Friday, September 6, 2013

serious stuff

Theatre: big cinemas Vapi
 Theatre status was not,much pretty impressive. I really missing the FDFS feel in our Kerala, calm and quite people no whistles and adult jokes , but it delivered me to be in the story throughout each and every frame .
 This film , Madras cafe revolves around the srilankan issues during the late eighties upto the death of Rajiv Gandhi. This is supposed to be a work of fiction. But there is only one way to genuinely enjoy this film, which is to treat it as authentic recreation of a very important though unfortunate event of our contemporary history that we know nothing about. Besides that a woman with a bomb strapped around her waist, in the presence of thousands of people at a political rally, blew up a gentleman who was soon to be re-elected the Prime Minister of India in 1991.
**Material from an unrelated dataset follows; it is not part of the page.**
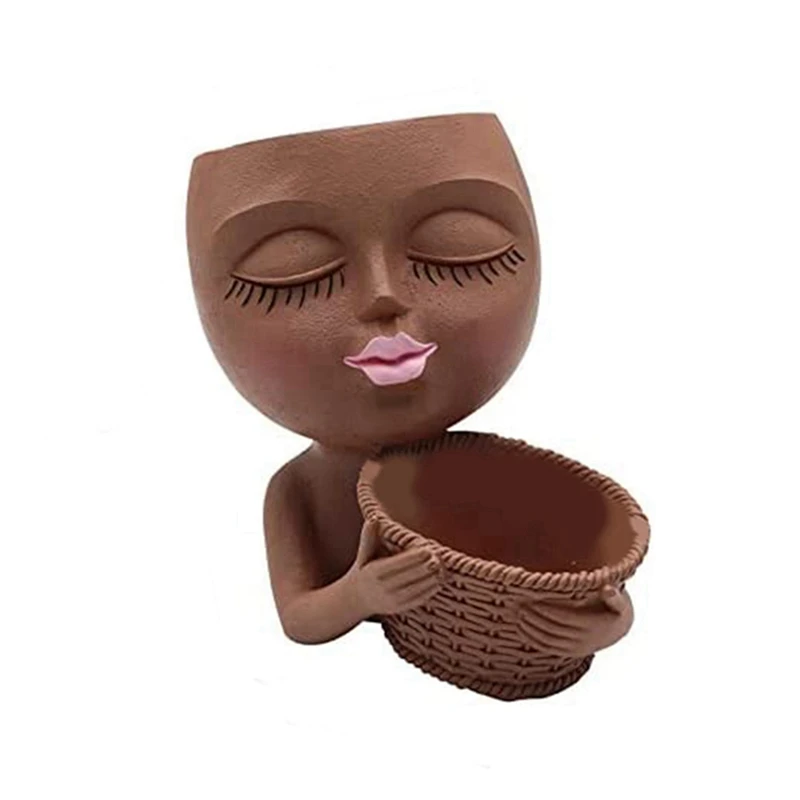 

Cute Lady Face Plant Pots Decorative Plant Pots Two-In-One Flowerpot Suitable For Indoor Outdoor Plants Succulent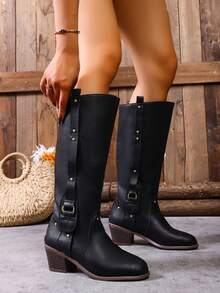 Women's Winter Over-The-Knee Boots, Black Boots, Brown Boots, Round Toe Chunky High Heel Tall Boots, High Heel Boots, Back Zipper Design Knee-High Boots - Black - View 1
 The film shows us,the evolution of Tamil eelam LTTE (LTF in film) in the, srilanka . We can see how western policy makers and other warlords feed LTTE just like the way USA brought up osama in afgan .
 This story shows the action of indian peace keeping force PKF in the island and also depicts the back stabbing done by some intelligence officers that lead to the death of many brave soldiers on that island .
 John Abraham (strikingly sincere, both as producer and actor) plays an Indian spy. This is so sure that the military green suits him well . This is probably the first Bollywood film that looks closely at India’s political involvement outside of its own shores.
 The film doesn’t delve into strong connections between Tamil Nadu mainstream politicians and the banned militant outfit either, so I am not sure exactly what the rag-tag groups in Chennai have been protesting against this film about—that the LTTE killed Rajiv Gandhi? They should be arguing with the Supreme Court.
 Santosh Sivan’s The Terrorist (1998) on the same tragedy was a more personal film, a cinematographer’s take. This is a researcher’s delight. The ultimate baap of this genre is Oliver Stone’s JFK (1991). Through inferences and strong evidences, using classified documents, it categorically proved to regular public the CIA’s role in the death of its much loved US President. It shook up America.
 This film doesn’t conclusively establish a new angle or fresh motive behind Rajiv Gandhi’s death, besides merely pointing towards western corporate interests. But it makes you search deeper. It’s been over 22 years since. Who the hell gained so much from Rajiv’s assassination? The LTTE is practically defunct now. After the film, we sat and discussed these things for a couple of hours. I’ve bookmarked a few articles on the web already, can’t remember the last time a Bollywood film made me do that.